High interest rates in Ghana only enrich the Bank of Ghana (BoG) and the commercial banks that are operating in the country, an investment banker, Togbe Afede XIV, has said.
Togbe Afede is against the increasing interest rate because, in his view, it is crowding out the private sector and also inhibiting job creation.
Speaking to journalists on the sidelines of the launch of the 53rd General Assembly of the World Trade Centres Association, on Thursday, February 9, the former Council of State member said “get inflation down, get the interest rate down and the cedi will maintain good stability against the dollar. Just keeping interest rates high will not tame inflation. Why do I say so? In advanced countries, you raise interest rates to discourage spending, therefore, reducing demands for goods and therefore to tame pricing.
“But in Ghana where the average person can hardly make ends meet, you don’t expect that when you increase interest rates they will cut back on spending and save more.
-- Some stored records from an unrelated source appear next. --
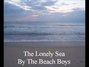 Il testo della Lonely sea Beach Boys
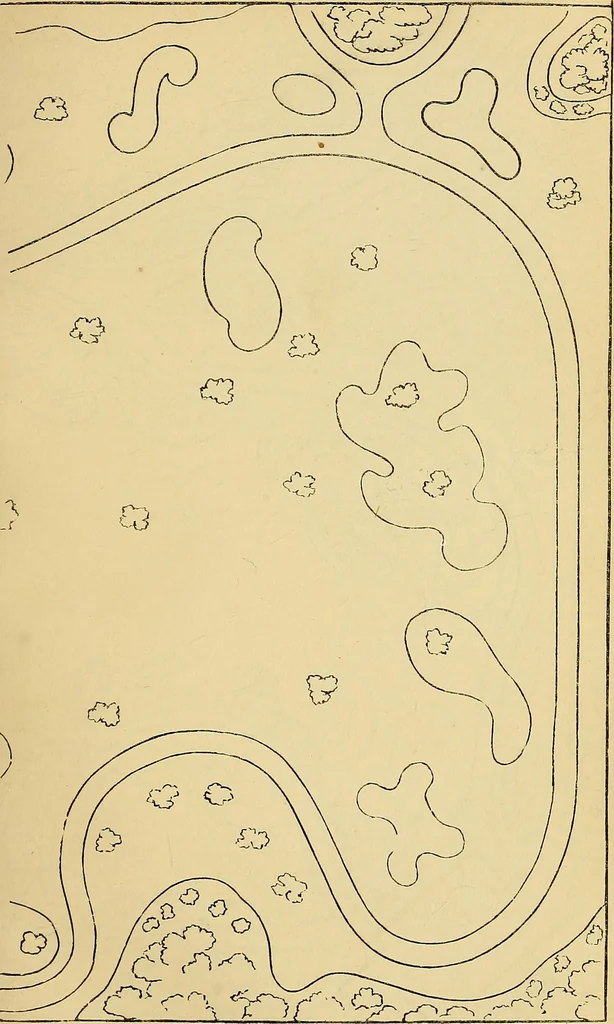 An illustration from The gardener's magazine and register of rural & domestic improvement, 1826, leaf 313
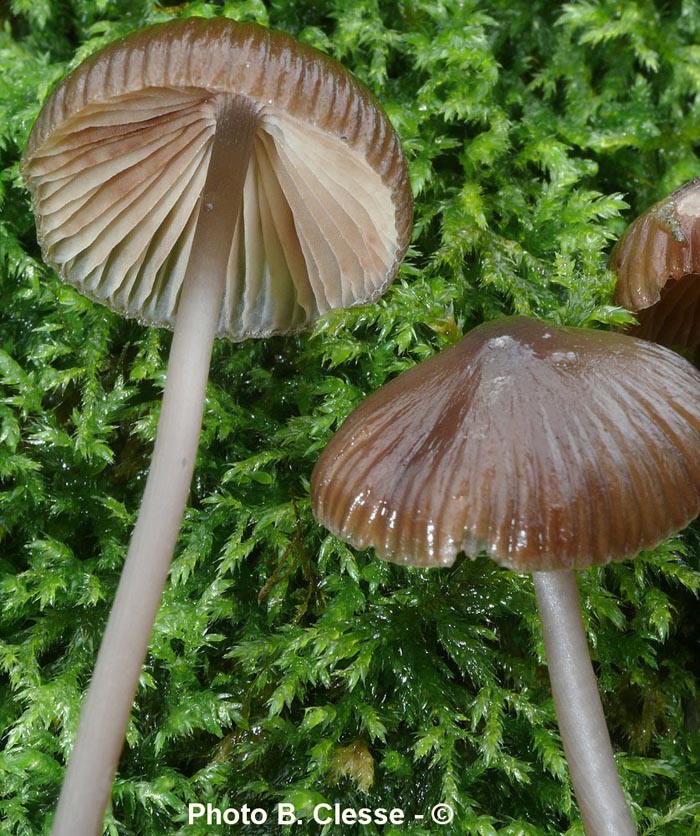 Mycena polygramma f. pumila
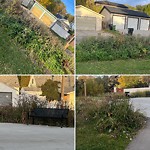 Noxious Weeds - Public Property at 11440 121 Street NW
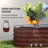 Sairah Metal Raised Garden Bed-197957089-196025441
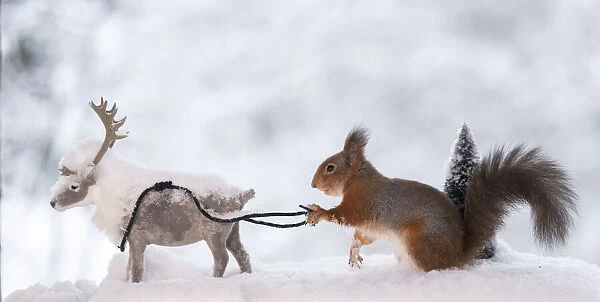 Red squirrel is holding with a rope an reindeer Date: 10-01-2021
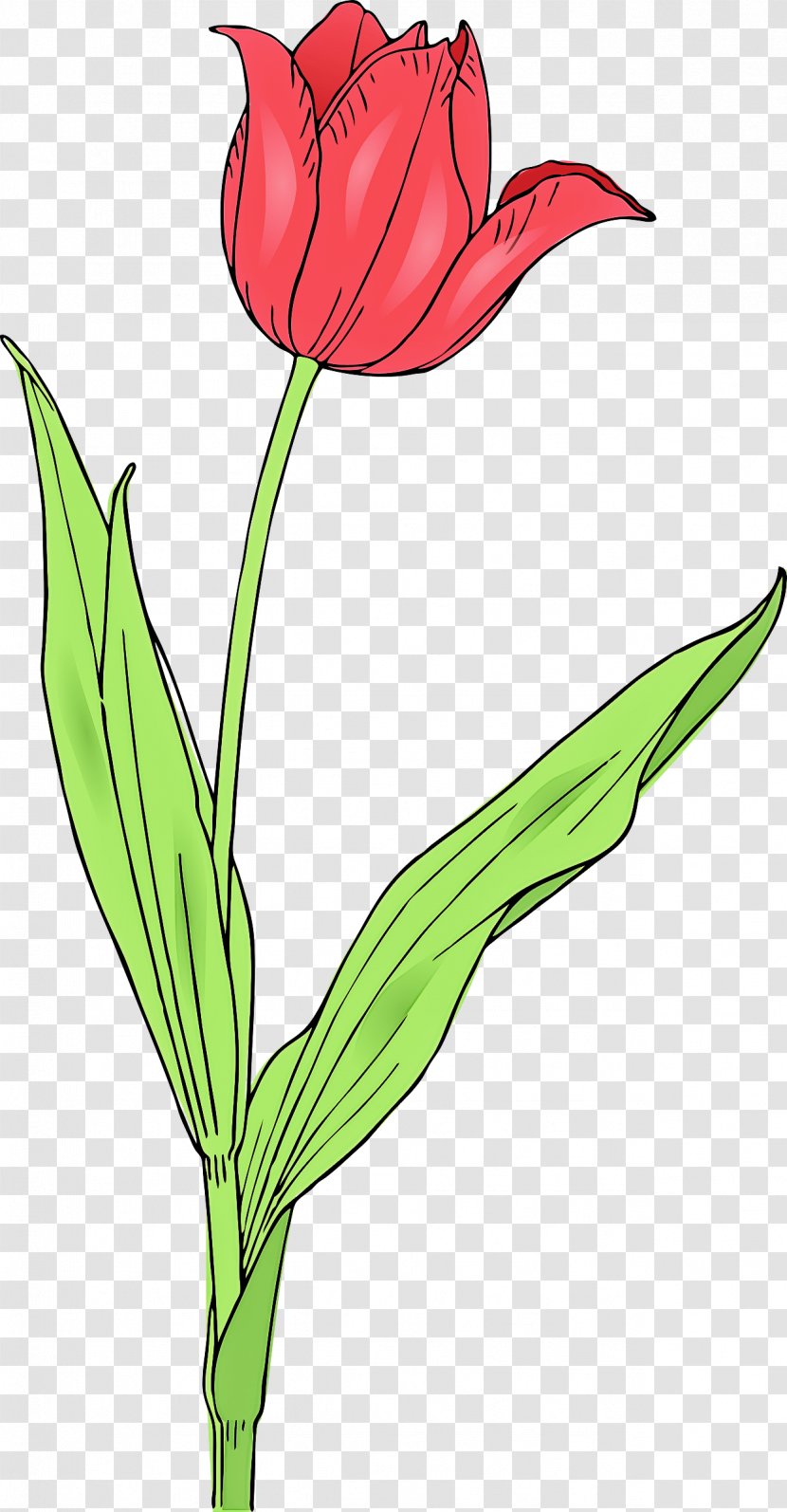 Flower Flowering Plant Tulip Pedicel - Cut Flowers Petal Transparent PNG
It just doesn’t work like that in this country.”
He added “when you raise the interest rate it only rewards the banks, that is why the Ghanaian banking sector is about the most profitable in Africa, that is why the Bank of Ghana itself made about four times as much profit as the Bank of England. Bank of England presides over a 2.7 trillion economy, forty times our 70 billion economy.
“How can the Bank of Ghana make more profit than the Bank of England? They also profit from the high-interest rate so the high-interest rate does not benefit the economy, it benefits the banking system, making the Bank of Ghana profitable, making the banks very profitable, crowding out the private sector, inhibiting private sector growth, inhibiting the growth of the real sector of the economy, therefore inhibiting the creation of jobs for the teeming masses of the people.”
READ ALSO: 3-yr period NABCO initiative ends
The Monetary Policy Committee (MPC) of the Bank of Ghana (BoG) recently increased the policy rate to 28 percent.
This was up from the earlier rate of 27%.
This was announced by the governor of the BoG at the 110th MPC Press conference in Accra on Monday, January 30.
The upward adjustment reflects the increasing rate of inflation which hit a record high of 54.1% in December last year.
“In the interim, the MPC sees the need to remain vigilant and moderate liquidity in the system to underpin macroeconomic adjustments taking place to drive inflation on a downward path.
“Under the circumstances, the Committee decided to increase the policy rate by 100 basis points to 28%”, the MPC chaired by the Governor of the Bank of Ghana, Dr. Ernest Addison revealed.